Database indexes

Which type of database index you should use? Lets dive into zoo of available index types in different database engines and their corresponding use cases.

So, you have some data. Most likely you want to work with it - i.e. retrieve information according to some conditions = filtering what is important for you. Probably, even change the shape of this information - transform the data or get summary over it - i.e. apply some aggregations.

Usual question that arise - how to organize data schema - which db engine and indexes to choose.

Here I want to provide a brief overview of different kinds of indexes available in modern databases.

When data volume is small - i.e. less than a few millions of rows - it usually doesn't really matter - even fullscan will be sufficient for the majority of use cases.

With growth of data and load = number of read and write operations - it becomes paramount to structure your data in a way that facilitates processing without the need to read every row from the disk.

Data might be stored just in RAM memory or have a persistent layer at disk. You might have different requirements for data access depending on its age - i.e. ability to quickly deep dive into data from the last 3 months and keep 5 years worth of data in cold storage to comply with regulatory rules.

Data can take different shapes:

numbers of various sizes and precisions from uint8 to float point with configurable precision,
enum-like categories from fixed list of possible dimensions,
sequences of DNA or community relationships
tree-like hierarchy with number of nested fields
big binary blobs - like images or video
geometrical figures - line's segments or polygons
gis info - locations and coordinates
text fields - fixed length strings with hash values or variable length texts, with some articles
simple key-values with types that you know upfront
complex documents, where you have no idea which attributes provider might add next day

What is index anyway?

To simplify, indexes, at the end - are search trees and hash maps.

Data are tend to it evolve over time - new fields or dimensions might be added, old - change their type or cardinality or just disappear.

Query - mean you specify some filter criteria to pull only necessary data points.
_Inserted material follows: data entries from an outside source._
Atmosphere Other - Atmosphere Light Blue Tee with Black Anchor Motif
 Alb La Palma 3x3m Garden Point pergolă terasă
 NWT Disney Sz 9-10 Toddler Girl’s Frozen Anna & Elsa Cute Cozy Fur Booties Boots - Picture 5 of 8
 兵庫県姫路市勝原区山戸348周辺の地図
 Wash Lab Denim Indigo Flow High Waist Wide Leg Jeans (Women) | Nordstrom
Filter criterias = we need to perform search or lookups. Hence data is organized in some structures that facilitate its retrieval according to specified conditions.

Golden rule of data schema design - define your schema around queries.

Let's dive into the diversity of available indexes - how data type and query type affect choice of index type (and sometimes even database engine).

B-Tree, and in many case its ancestor - B+-Tree is the most universal type of index - used for majority RDBMS databases as a default index type (from SQLite to MS SQL) as well as for NoSQL (from ScyllaDB to Aerospike).

Used to filter based on equality (==, <>, !=), compare - (>, <,>=, <=) and range conditions - BETWEEN.

Can be used with almost any data type - from numbers and strings, arrays or fields inside nested structures.

Hash based index is ideal choice for cases when you need to check for exact match - equality conditions (==, <>, !=) - faster then B-Tree based indexes.

Fit almost any simple data type, but not suitable for composite entities, nested documents or collections, or cases where more complex filtering condition is required - prefix or range searches.

Variations of inverse indexes are handy in case we work with textual data. Specialized engines - Sphinx or Elasticsearch can go the extra mile with stem and n-grams. And in case your data can be expressed as a numerical vector = feature vectors - ANN/KNN kind of queries can be used to rank results in terms of distance to target queries - to express similarity relationship.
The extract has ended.